What little cheerleading Jones did seemed perfunctory. There's "more work to do," he said unconvincingly as to our share of it, in fostering Afghanistan's "economic development, good governance and rule of the law." In brief, nation building; standing thousands of years of Afghan culture on its head almost literally overnight, and trying to do so with domestic support that's increasingly limited to neoconservative pinheads like John McCain and Joe Lieberman.
Both of whom relish the kind of faith-based abstractions that ground us down in Iraq, which, in time -- and the clock is already ticking -- will revert to the ethno-sectarian hellhole that it is. All for nothing.
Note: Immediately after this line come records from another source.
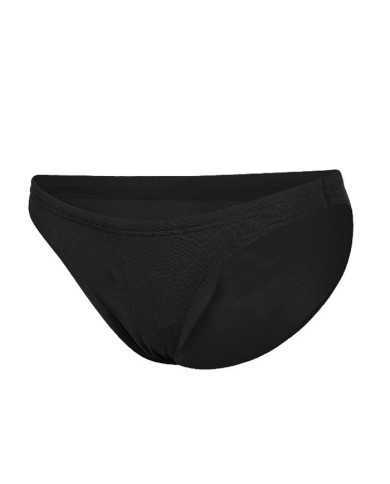 Arena Team Solid Kadın Bikini Altı – Siyah, Klora Dayanıklı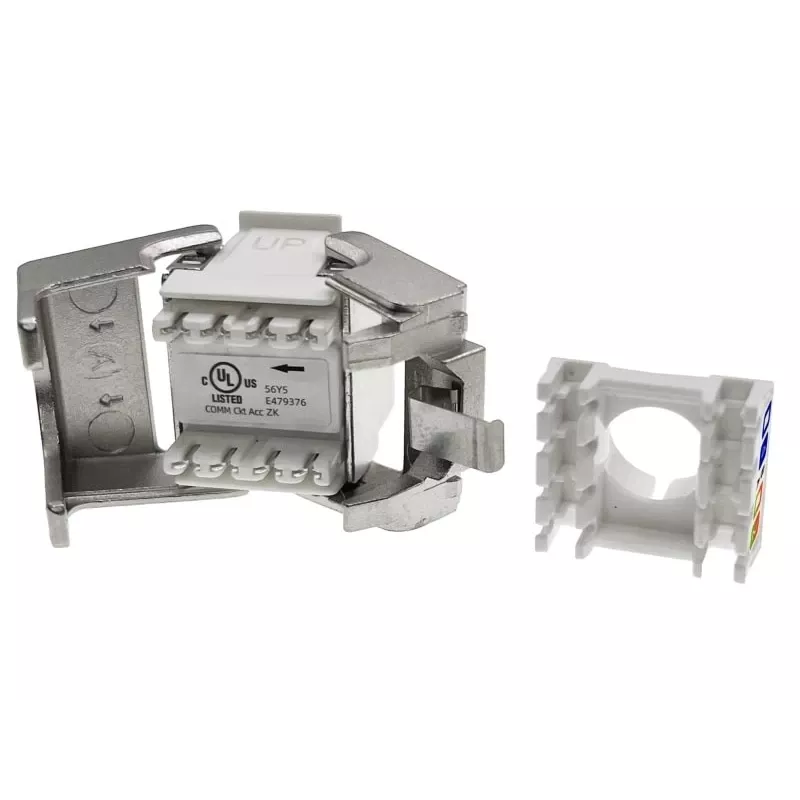 Alantec MB004-1 RJ45 berankis STP cat.6 PoE+ keystone modulis ALANTEC Plus – patobulinta perdavimo charakteristika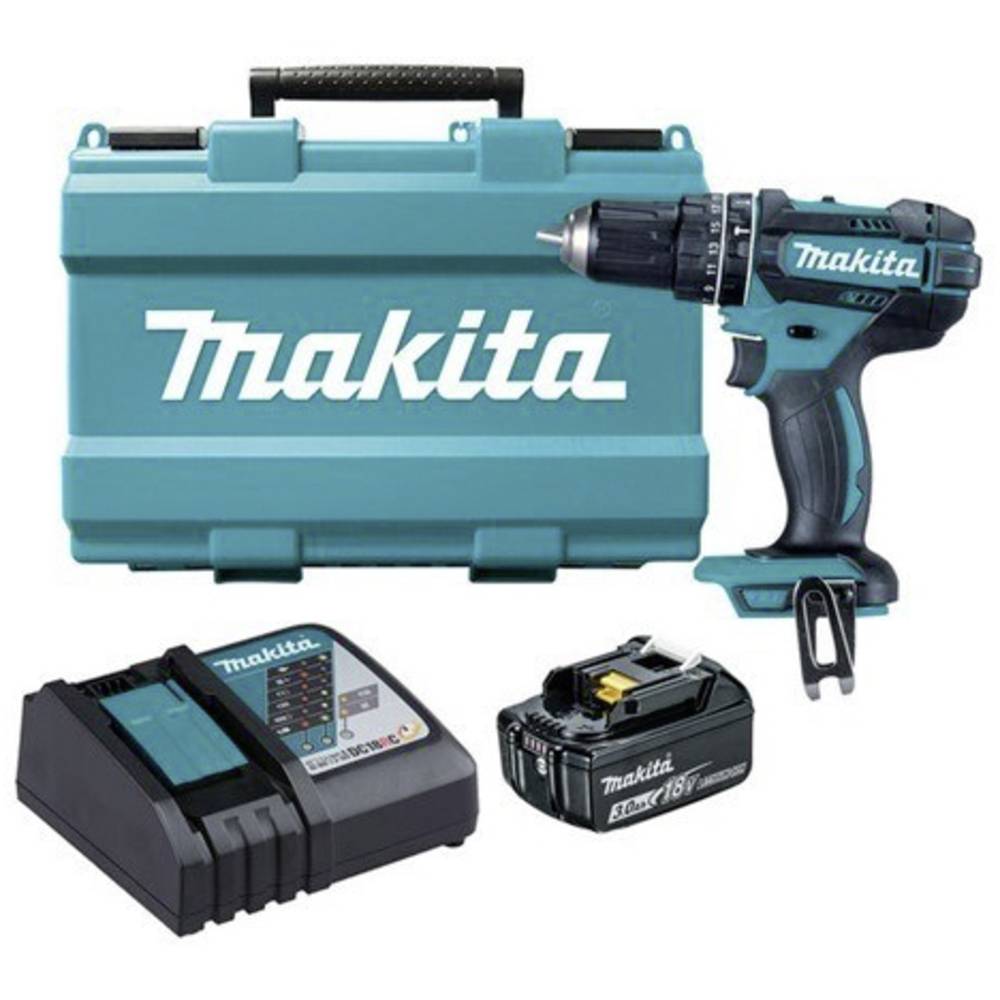 Makita Accu-klopboor/schroefmachine 2 snelheden Incl. accu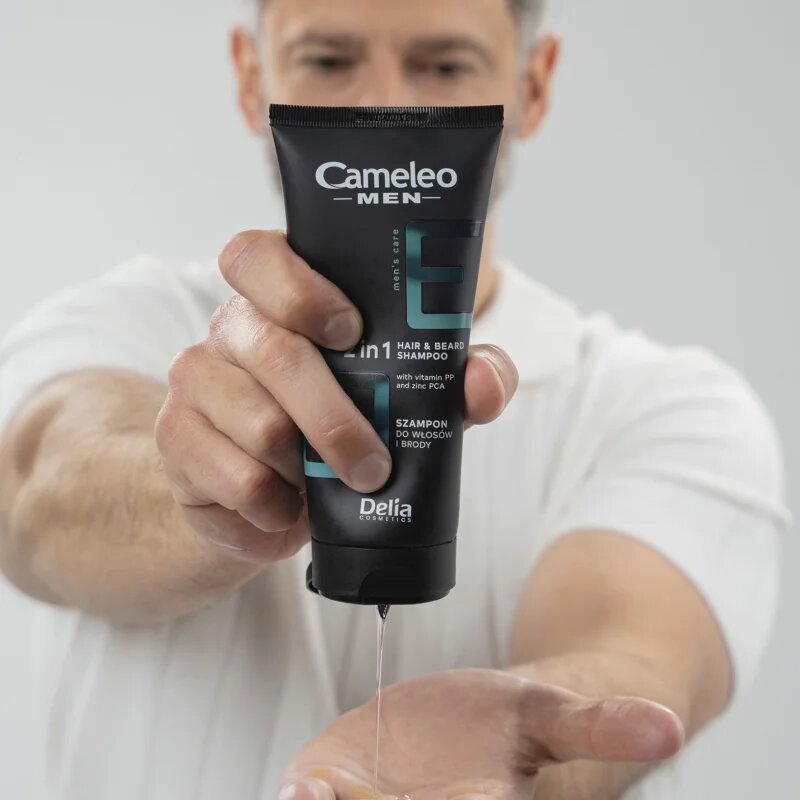 Delia Cosmetics Cameleo Men šampon in gel za prhanje za lase brado in telo 150 ml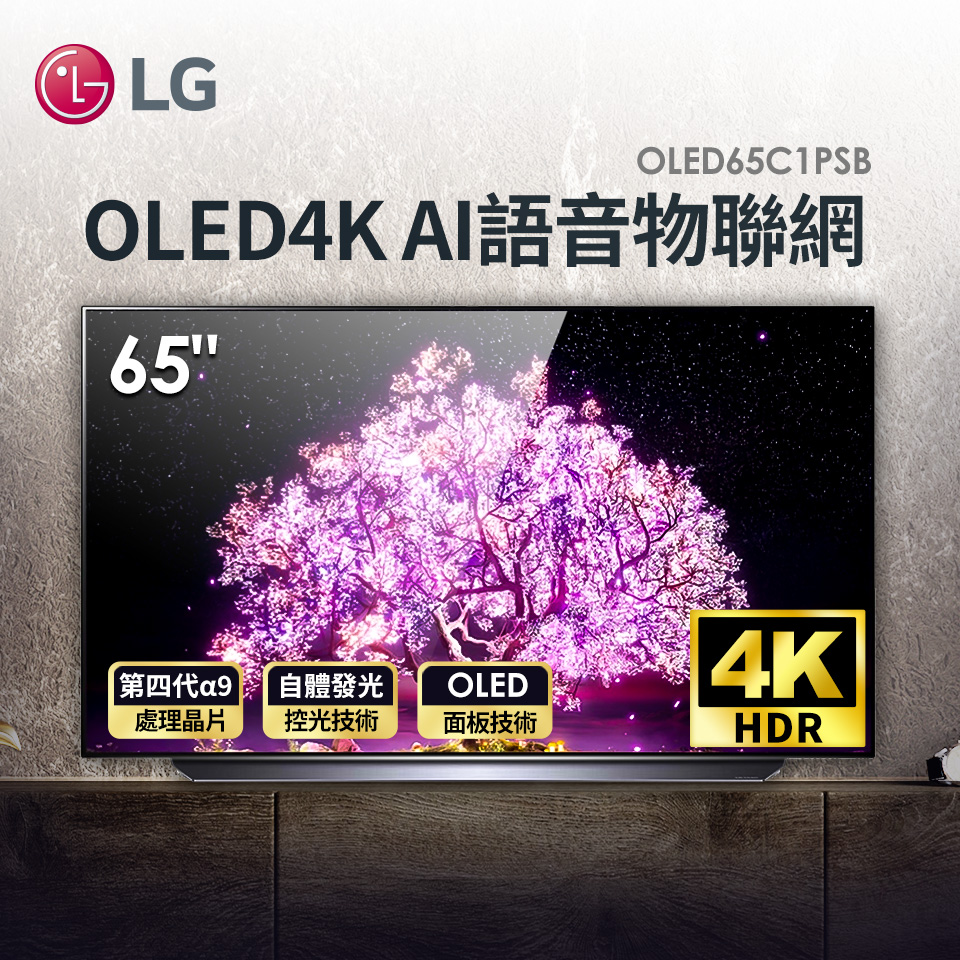 (展示品) LG 65型OLED 4K AI語音物聯網電視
The surge's success is a mirage, soon to be blown away in the ancient sands of the desert winds.
Yet Iraq, relative to Afghanistan, was a neocon cakewalk, "blessed" as it was with a reasonably modern economy and unquestionably centralized government. Afghanistan, on the other hand, is still bubbling in a medieval cauldron of narco-mobsters and ruthless warlords and, above all, theocratic cutthroats who, as the NY Times described them on Saturday, "can fight anonymously with roadside bombs or stealthily with kidnappings -- but also can operate like a disciplined armed force using well-rehearsed small-unit tactics to challenge the American military for dominance on the conventional battlefield."
That, as mentioned, was from Saturday, and further from a leaked internal report compiled by the Army's Combat Studies Institute detailing "how not to win in Afghanistan." Which is to say, at the end of nearly seven years, there we were, still unmindful of "intelligence reports ... warning of militants massing," still unheedful of rumors of "Afghan officials of dubious loyalty," and still largely oblivious to "an increasingly tense and untrusting relationship with the Afghan people."
That, to repeat, was after seven years; then, this Sunday morning and just prior to Gen. Jones' appearance on CNN, came the news of a deadly firefight in Afghanistan -- more than a year later -- that mirrored all the foolhardiness which had prompted the aforementioned report.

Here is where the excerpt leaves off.